→ **TRY IT**:
Before printing, remove every picture; then print the lines below exactly, from the first line through the line containing "Zombies are walking".

→ **INPUT**:
------------------------------------------------------------

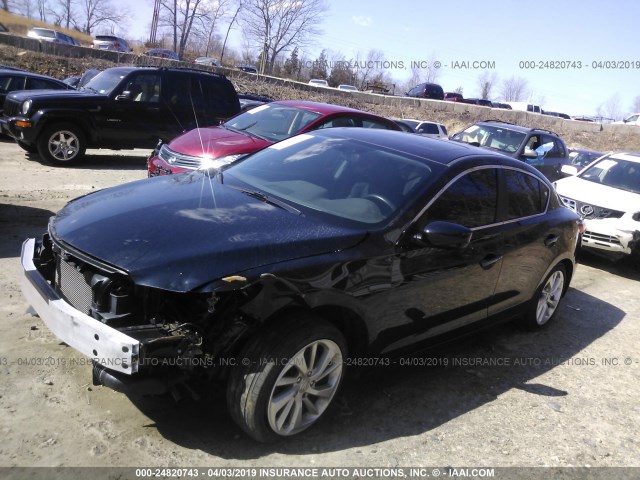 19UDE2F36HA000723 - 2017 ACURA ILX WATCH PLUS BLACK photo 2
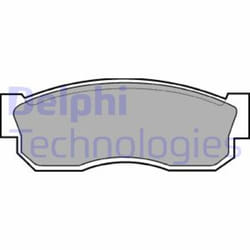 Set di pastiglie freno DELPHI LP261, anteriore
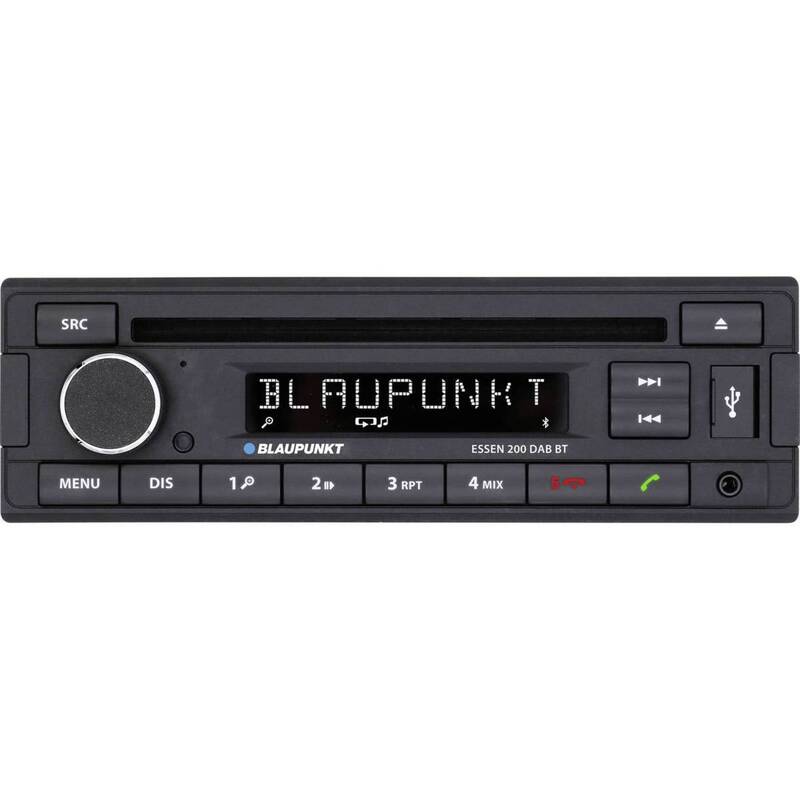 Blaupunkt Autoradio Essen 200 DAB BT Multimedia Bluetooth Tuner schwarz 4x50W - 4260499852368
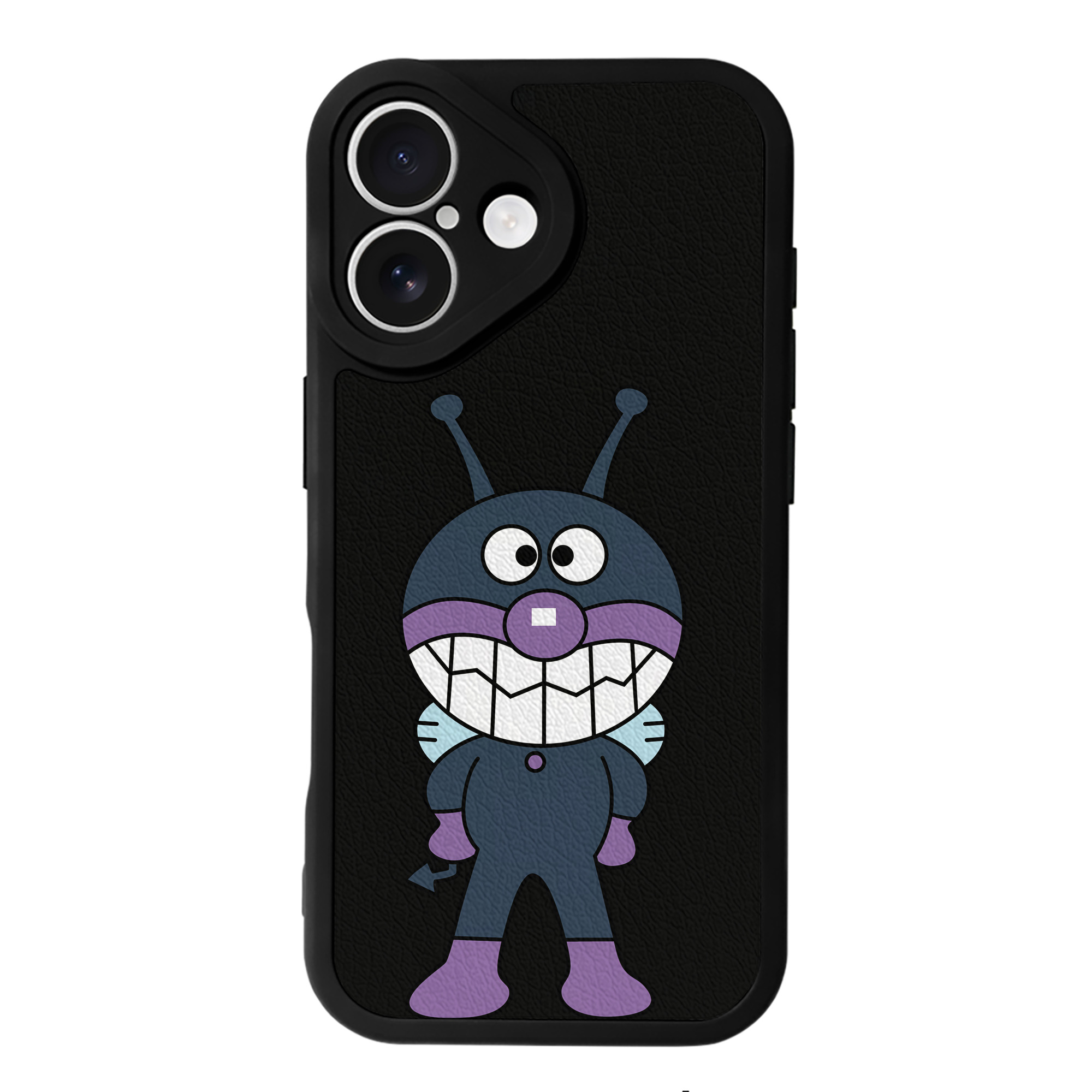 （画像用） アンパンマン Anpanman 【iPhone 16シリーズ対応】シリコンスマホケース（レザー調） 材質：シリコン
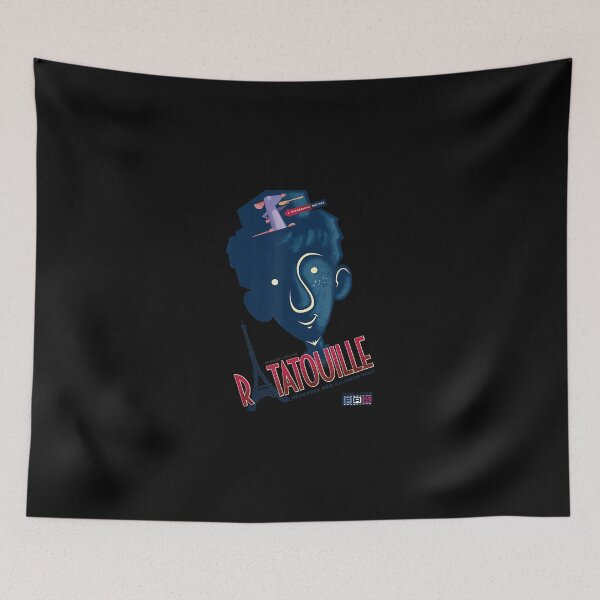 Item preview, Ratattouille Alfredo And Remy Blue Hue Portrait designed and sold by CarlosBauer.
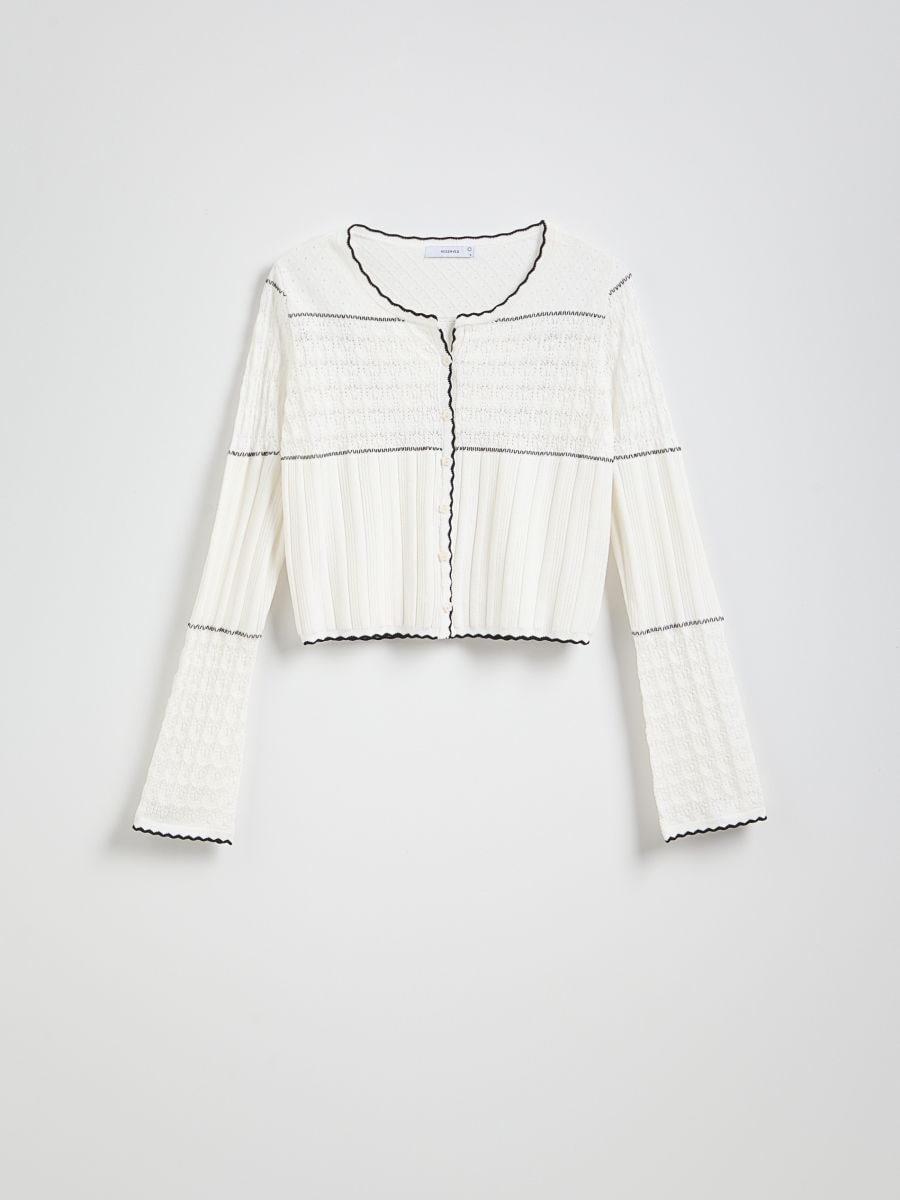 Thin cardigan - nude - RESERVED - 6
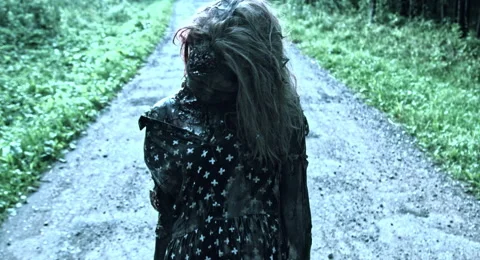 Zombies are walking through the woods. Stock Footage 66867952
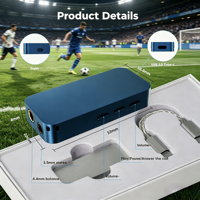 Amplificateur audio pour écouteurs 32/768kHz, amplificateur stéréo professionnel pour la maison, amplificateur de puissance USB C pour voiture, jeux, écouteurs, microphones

------------------------------------------------------------

→ **ANSWER SECTION**:
 19UDE2F36HA000723 - 2017 ACURA ILX WATCH PLUS BLACK photo 2
 Set di pastiglie freno DELPHI LP261, anteriore
 Blaupunkt Autoradio Essen 200 DAB BT Multimedia Bluetooth Tuner schwarz 4x50W - 4260499852368
 （画像用） アンパンマン Anpanman 【iPhone 16シリーズ対応】シリコンスマホケース（レザー調） 材質：シリコン
 Item preview, Ratattouille Alfredo And Remy Blue Hue Portrait designed and sold by CarlosBauer.
 Thin cardigan - nude - RESERVED - 6
 Zombies are walking through the woods. Stock Footage 66867952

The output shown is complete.